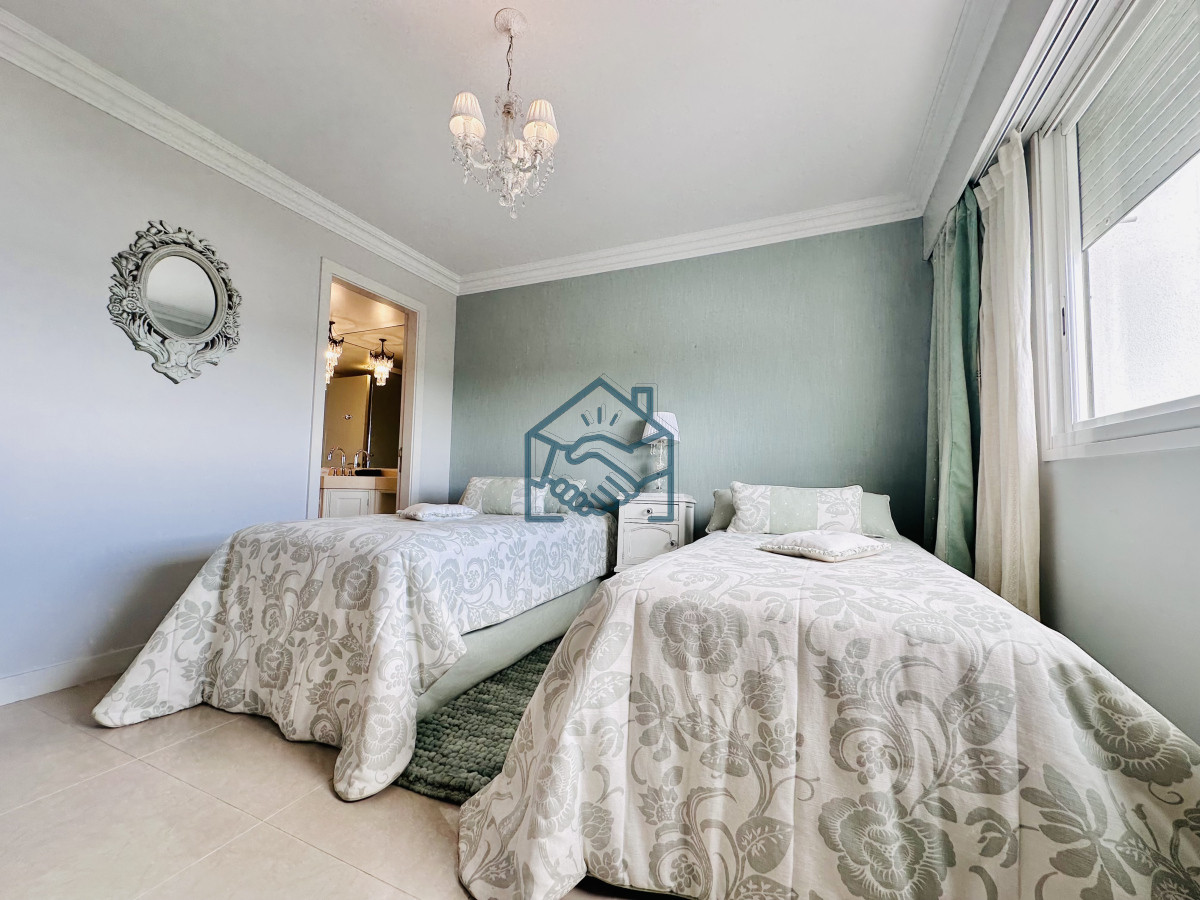 Apartamento ID.1121/Lujoso-Penthouse-de-4-Dormitorios-con-Vista-al-Mar-sobre-Playa-Mansa,-Punta-del-Este - Lujoso Penthouse de 4 Dormitorios con Vista al Mar sobre Playa Mansa, Punta del Este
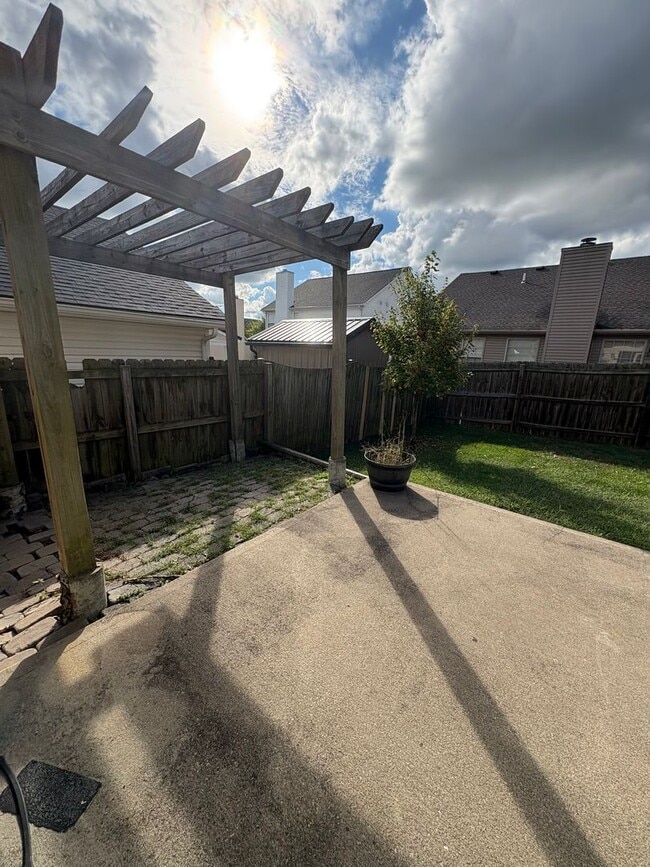 Building Photo - WOW! 3 bedroom/2 bath with garage.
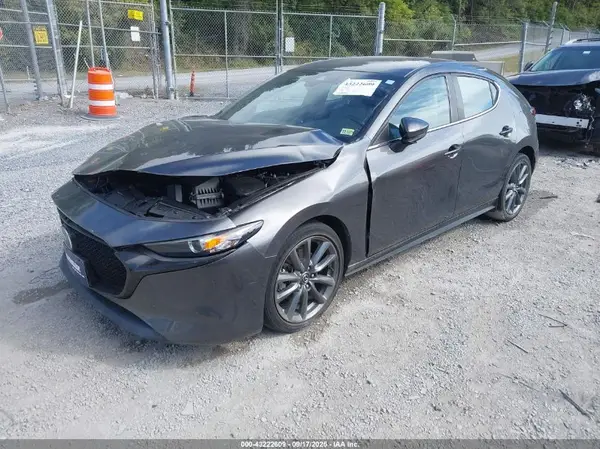 JM1BPBJM0K1138541 2019 MAZDA 3 - Image 2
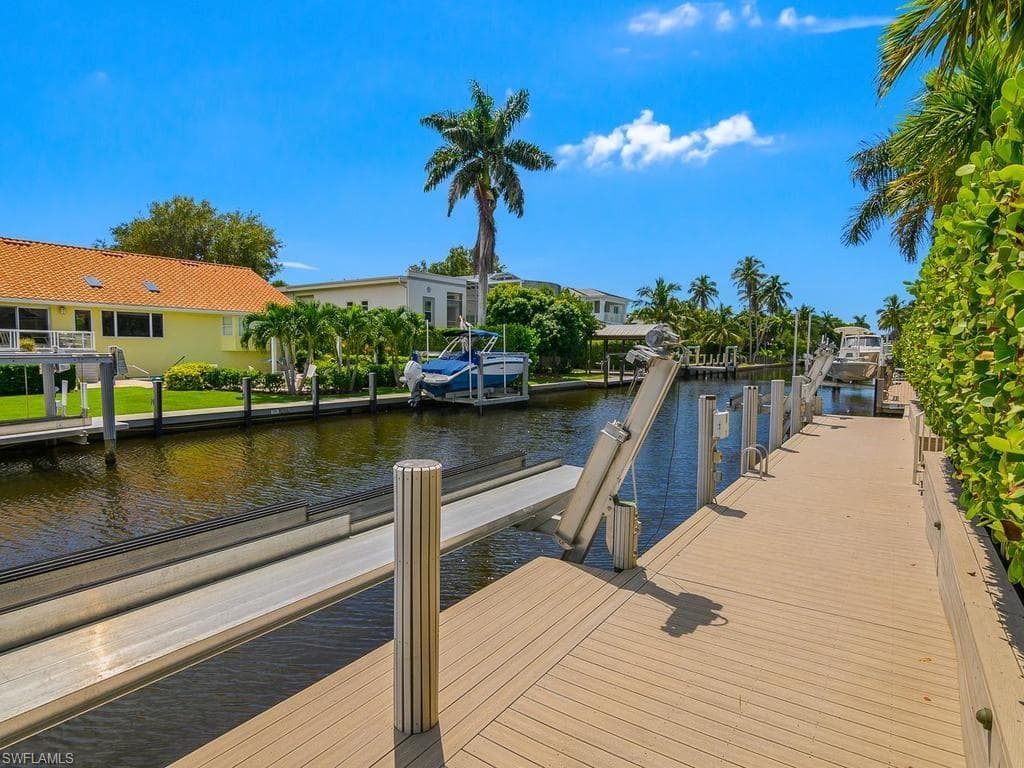 Two lifts, electric, and easy access to Naples Bay and the Gulf via Gordon Pass, beyond!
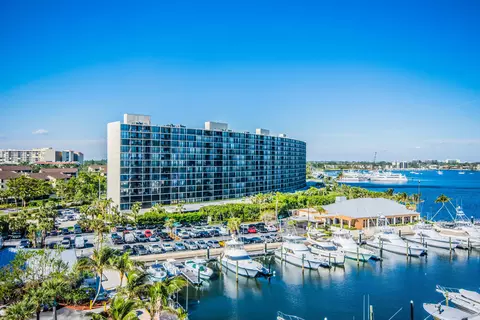 120 Lakeshore Dr #735, North Palm Beach, FL 33408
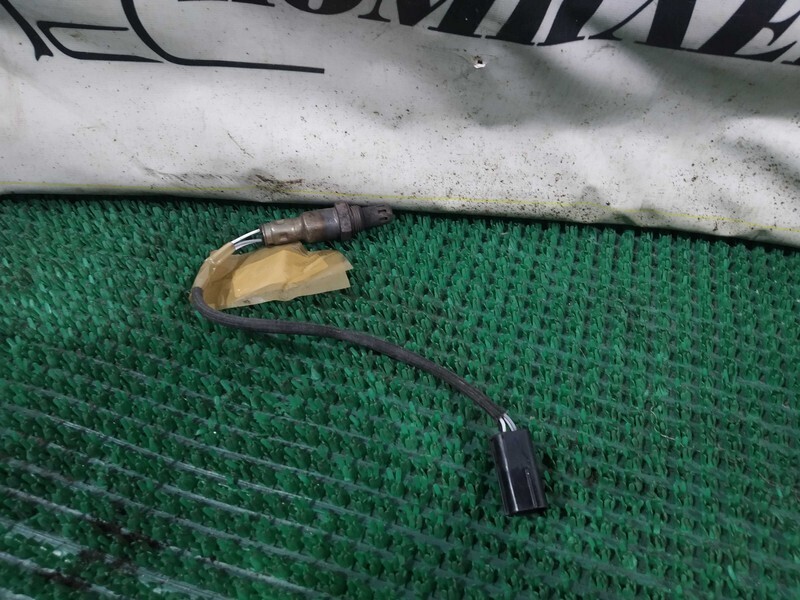 Датчик кислородный Nissan Wingroad JY12 MR18DE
-*-
## YOUR TASK
From the line containing "Two lifts, electric, and" down to the last line of the entries above, retype each line exactly as it stands, but skip the pictures.

## EXERCISE ANSWER
 Two lifts, electric, and easy access to Naples Bay and the Gulf via Gordon Pass, beyond!
 120 Lakeshore Dr #735, North Palm Beach, FL 33408
 Датчик кислородный Nissan Wingroad JY12 MR18DE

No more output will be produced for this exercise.